From 96eb0ef19392da5f42d703155d64a3915247553e Mon Sep 17 00:00:00 2001
From: John Shumway <jshumway@amd.com>
Date: Sat, 22 Nov 2025 17:18:49 +0000
Subject: [PATCH] Clean up convolution dispatcher

The concepts for each factory implemenation are literally implementation details rather than domain concepts.
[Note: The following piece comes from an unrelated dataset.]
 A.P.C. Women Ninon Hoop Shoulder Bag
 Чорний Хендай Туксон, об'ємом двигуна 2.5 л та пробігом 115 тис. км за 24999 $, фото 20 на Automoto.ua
Move that logic into helper functions to make it easier to study and refactor.
---
 .../builder/conv_algorithm_concepts.hpp       |  37 -----
 .../builder/factory/conv_dispatcher.hpp       | 137 +++++++++++++++---
 .../builder/factory/conv_fwd_dl_factory.hpp   |   3 +-
 .../factory/conv_fwd_large_tensor_factory.hpp |   4 +-
 .../builder/factory/conv_fwd_v3_factory.hpp   |   3 +-
 .../builder/factory/conv_fwd_wmma_factory.hpp |   3 +-
 .../builder/factory/conv_fwd_xdl_factory.hpp  |   3 +-
 7 files changed, 122 insertions(+), 68 deletions(-)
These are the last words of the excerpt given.